#### Exercise:
Beneath this instruction is a listing; write out exactly the line that contains "Ottoman-Bett mit Matratzen" and each line after it to the last.

#### Provided material:
--- START ---

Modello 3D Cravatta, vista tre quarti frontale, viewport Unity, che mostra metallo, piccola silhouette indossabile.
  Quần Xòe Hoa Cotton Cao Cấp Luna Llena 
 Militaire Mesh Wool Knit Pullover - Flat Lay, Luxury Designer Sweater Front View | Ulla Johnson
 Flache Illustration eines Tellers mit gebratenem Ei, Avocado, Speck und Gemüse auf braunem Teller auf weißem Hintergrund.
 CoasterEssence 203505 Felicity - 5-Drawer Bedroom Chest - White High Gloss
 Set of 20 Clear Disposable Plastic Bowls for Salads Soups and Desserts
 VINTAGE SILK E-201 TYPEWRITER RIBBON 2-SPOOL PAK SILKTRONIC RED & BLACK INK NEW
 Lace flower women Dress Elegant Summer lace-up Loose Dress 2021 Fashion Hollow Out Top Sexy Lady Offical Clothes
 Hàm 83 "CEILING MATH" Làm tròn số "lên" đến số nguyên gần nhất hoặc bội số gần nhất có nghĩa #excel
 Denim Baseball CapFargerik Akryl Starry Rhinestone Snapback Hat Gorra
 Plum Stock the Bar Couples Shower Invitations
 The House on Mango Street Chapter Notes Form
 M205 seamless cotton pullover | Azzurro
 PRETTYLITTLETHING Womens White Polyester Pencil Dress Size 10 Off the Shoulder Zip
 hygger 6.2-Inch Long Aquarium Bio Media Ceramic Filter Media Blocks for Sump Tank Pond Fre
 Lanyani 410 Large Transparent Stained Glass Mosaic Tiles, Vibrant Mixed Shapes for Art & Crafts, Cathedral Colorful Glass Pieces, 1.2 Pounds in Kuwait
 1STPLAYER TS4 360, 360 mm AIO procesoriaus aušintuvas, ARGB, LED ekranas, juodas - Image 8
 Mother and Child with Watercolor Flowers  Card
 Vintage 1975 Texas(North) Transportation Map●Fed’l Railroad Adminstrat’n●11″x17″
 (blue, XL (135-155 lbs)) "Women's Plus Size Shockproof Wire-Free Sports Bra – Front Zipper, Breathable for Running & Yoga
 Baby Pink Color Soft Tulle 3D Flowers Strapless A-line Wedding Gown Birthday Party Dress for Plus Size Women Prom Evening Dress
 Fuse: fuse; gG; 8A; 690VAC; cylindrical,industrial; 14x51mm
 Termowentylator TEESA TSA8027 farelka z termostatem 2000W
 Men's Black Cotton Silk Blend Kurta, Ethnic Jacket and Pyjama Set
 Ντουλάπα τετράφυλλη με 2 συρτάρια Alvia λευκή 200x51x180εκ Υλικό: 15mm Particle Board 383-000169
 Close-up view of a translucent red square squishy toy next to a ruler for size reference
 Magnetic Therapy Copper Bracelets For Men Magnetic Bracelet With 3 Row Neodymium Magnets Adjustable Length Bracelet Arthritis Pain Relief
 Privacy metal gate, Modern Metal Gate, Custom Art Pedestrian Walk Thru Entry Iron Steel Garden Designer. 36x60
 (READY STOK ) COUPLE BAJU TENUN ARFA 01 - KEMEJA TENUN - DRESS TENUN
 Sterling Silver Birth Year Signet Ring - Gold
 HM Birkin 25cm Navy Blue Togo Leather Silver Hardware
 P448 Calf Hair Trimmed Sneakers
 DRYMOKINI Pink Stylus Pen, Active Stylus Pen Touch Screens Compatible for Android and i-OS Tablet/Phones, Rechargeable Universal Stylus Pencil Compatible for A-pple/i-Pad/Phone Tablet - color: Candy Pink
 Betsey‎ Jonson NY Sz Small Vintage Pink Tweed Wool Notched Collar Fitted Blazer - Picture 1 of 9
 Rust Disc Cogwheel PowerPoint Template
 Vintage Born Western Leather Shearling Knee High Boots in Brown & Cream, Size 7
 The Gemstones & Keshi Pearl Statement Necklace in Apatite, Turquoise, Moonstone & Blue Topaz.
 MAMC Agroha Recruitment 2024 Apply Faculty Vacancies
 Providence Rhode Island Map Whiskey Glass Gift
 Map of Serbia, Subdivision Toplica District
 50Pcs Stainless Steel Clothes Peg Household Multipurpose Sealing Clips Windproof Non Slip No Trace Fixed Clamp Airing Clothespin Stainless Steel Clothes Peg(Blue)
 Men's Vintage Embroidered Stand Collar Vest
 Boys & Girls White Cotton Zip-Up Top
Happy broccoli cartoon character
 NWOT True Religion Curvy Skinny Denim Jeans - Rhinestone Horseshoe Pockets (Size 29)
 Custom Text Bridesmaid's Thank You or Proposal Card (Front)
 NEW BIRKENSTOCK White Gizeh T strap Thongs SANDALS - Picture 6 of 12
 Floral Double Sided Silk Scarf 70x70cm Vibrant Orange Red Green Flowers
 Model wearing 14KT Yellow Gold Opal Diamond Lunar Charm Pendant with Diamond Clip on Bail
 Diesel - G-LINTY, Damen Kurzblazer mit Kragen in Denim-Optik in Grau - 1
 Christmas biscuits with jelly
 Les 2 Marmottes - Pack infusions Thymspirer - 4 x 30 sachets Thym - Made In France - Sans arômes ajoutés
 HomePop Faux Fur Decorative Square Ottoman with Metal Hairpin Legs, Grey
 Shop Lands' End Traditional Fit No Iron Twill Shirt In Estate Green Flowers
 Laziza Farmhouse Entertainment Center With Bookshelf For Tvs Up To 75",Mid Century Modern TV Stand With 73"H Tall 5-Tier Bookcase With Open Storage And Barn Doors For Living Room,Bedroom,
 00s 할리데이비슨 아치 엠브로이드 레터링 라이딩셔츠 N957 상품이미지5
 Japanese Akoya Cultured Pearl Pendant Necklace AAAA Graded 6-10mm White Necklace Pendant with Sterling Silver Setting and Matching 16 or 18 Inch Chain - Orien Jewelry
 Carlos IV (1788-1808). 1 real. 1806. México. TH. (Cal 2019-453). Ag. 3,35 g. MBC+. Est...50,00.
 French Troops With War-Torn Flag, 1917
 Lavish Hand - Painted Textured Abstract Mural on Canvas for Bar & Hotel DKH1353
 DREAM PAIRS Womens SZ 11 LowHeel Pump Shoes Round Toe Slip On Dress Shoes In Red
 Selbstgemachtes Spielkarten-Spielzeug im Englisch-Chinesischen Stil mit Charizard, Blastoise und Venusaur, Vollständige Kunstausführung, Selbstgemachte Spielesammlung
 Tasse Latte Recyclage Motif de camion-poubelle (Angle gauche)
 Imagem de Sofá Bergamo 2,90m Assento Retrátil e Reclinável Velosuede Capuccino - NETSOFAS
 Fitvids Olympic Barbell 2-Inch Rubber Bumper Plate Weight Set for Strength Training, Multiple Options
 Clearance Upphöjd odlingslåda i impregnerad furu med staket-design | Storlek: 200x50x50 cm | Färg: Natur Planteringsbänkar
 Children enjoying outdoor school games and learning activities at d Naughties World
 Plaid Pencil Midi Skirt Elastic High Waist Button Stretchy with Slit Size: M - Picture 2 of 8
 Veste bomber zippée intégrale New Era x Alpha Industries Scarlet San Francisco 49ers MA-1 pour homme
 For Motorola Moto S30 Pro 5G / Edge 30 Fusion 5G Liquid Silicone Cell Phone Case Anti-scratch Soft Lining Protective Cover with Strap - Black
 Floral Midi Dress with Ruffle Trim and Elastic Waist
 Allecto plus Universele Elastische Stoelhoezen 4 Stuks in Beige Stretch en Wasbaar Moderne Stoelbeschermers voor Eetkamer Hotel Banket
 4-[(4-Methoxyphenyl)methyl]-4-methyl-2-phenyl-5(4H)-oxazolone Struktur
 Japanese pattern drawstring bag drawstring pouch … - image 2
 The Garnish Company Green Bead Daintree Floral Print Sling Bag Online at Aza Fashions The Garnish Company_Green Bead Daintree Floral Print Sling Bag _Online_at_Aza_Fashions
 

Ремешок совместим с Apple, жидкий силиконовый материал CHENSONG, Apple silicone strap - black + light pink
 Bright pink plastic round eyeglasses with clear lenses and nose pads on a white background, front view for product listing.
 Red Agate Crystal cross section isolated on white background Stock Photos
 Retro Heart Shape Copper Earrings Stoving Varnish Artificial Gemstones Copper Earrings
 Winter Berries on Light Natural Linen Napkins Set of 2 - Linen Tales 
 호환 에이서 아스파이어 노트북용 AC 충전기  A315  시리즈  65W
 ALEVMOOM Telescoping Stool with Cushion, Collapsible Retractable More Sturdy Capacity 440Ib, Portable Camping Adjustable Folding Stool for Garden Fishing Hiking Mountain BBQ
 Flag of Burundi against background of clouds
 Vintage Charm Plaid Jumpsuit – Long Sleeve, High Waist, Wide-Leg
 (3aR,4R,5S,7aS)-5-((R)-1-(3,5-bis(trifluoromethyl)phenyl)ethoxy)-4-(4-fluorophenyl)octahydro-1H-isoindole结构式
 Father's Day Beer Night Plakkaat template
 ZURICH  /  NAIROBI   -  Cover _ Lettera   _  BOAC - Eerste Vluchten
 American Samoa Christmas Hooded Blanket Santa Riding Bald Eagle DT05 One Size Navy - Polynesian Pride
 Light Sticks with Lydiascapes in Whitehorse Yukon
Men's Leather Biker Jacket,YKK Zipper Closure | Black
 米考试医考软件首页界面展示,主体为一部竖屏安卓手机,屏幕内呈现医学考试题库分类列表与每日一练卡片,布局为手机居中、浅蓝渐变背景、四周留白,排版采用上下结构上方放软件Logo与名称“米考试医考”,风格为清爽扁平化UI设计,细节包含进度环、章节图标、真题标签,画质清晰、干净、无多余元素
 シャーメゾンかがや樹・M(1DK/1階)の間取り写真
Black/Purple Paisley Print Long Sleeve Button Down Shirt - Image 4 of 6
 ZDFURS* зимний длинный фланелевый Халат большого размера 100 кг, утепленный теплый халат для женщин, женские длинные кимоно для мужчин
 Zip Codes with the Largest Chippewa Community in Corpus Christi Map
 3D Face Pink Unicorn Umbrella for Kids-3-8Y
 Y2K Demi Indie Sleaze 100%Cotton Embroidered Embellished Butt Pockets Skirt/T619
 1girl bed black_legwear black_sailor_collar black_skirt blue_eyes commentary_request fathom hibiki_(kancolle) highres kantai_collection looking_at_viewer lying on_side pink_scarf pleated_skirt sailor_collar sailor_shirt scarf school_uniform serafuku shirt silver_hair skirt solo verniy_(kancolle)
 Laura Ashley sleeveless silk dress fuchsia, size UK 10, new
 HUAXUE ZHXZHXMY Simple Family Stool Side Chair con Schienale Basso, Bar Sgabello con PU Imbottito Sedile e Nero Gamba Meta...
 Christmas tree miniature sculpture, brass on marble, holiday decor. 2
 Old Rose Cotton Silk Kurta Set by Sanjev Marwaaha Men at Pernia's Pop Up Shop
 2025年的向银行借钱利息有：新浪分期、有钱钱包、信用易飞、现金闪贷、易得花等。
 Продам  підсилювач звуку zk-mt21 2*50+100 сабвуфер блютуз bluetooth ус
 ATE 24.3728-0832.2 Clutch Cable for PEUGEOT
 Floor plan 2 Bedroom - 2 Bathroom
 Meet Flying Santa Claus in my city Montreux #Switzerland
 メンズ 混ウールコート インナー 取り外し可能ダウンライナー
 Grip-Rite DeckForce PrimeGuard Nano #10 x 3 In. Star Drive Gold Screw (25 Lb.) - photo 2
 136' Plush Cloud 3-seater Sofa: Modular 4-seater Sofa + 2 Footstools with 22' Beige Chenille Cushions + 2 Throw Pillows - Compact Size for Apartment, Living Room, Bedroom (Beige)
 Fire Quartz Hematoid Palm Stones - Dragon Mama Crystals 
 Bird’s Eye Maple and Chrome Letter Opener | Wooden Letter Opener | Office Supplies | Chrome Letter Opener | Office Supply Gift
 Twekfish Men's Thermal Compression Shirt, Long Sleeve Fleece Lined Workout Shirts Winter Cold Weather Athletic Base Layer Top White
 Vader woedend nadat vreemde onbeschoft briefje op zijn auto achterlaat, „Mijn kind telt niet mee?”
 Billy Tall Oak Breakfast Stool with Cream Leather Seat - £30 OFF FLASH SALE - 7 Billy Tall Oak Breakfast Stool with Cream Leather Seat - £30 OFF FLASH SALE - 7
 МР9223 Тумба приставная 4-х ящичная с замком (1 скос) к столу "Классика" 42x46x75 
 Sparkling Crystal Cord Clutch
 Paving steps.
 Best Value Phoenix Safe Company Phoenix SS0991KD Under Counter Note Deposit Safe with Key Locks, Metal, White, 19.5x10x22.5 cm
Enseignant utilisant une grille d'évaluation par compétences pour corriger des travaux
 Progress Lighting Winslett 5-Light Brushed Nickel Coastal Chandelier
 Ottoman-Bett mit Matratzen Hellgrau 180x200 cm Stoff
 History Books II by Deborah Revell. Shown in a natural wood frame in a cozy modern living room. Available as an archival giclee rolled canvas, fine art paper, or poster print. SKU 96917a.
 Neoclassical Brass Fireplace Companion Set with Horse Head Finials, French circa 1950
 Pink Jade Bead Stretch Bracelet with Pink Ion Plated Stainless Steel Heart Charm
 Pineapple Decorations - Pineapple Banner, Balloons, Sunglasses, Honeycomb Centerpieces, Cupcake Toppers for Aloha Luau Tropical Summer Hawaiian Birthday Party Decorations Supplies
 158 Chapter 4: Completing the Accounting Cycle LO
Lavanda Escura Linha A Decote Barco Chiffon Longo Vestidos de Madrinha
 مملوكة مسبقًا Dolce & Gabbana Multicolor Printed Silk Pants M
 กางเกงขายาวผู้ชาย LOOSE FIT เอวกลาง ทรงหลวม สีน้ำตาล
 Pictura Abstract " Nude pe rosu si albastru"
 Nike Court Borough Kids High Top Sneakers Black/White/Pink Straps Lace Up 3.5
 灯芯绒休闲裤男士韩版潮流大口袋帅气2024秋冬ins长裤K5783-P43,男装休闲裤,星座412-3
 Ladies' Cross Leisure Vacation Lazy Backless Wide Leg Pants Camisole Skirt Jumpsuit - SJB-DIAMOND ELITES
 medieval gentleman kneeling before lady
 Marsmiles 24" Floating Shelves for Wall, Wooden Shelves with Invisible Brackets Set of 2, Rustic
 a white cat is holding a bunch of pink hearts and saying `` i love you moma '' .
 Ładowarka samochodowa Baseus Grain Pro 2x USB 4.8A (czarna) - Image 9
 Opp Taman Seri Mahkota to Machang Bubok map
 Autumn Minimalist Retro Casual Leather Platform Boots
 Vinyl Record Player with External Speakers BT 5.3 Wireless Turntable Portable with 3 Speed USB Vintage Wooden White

--- END ---

#### Output of the exercise:
 Ottoman-Bett mit Matratzen Hellgrau 180x200 cm Stoff
 History Books II by Deborah Revell. Shown in a natural wood frame in a cozy modern living room. Available as an archival giclee rolled canvas, fine art paper, or poster print. SKU 96917a.
 Neoclassical Brass Fireplace Companion Set with Horse Head Finials, French circa 1950
 Pink Jade Bead Stretch Bracelet with Pink Ion Plated Stainless Steel Heart Charm
 Pineapple Decorations - Pineapple Banner, Balloons, Sunglasses, Honeycomb Centerpieces, Cupcake Toppers for Aloha Luau Tropical Summer Hawaiian Birthday Party Decorations Supplies
 158 Chapter 4: Completing the Accounting Cycle LO
Lavanda Escura Linha A Decote Barco Chiffon Longo Vestidos de Madrinha
 مملوكة مسبقًا Dolce & Gabbana Multicolor Printed Silk Pants M
 กางเกงขายาวผู้ชาย LOOSE FIT เอวกลาง ทรงหลวม สีน้ำตาล
 Pictura Abstract " Nude pe rosu si albastru"
 Nike Court Borough Kids High Top Sneakers Black/White/Pink Straps Lace Up 3.5
 灯芯绒休闲裤男士韩版潮流大口袋帅气2024秋冬ins长裤K5783-P43,男装休闲裤,星座412-3
 Ladies' Cross Leisure Vacation Lazy Backless Wide Leg Pants Camisole Skirt Jumpsuit - SJB-DIAMOND ELITES
 medieval gentleman kneeling before lady
 Marsmiles 24" Floating Shelves for Wall, Wooden Shelves with Invisible Brackets Set of 2, Rustic
 a white cat is holding a bunch of pink hearts and saying `` i love you moma '' .
 Ładowarka samochodowa Baseus Grain Pro 2x USB 4.8A (czarna) - Image 9
 Opp Taman Seri Mahkota to Machang Bubok map
 Autumn Minimalist Retro Casual Leather Platform Boots
 Vinyl Record Player with External Speakers BT 5.3 Wireless Turntable Portable with 3 Speed USB Vintage Wooden White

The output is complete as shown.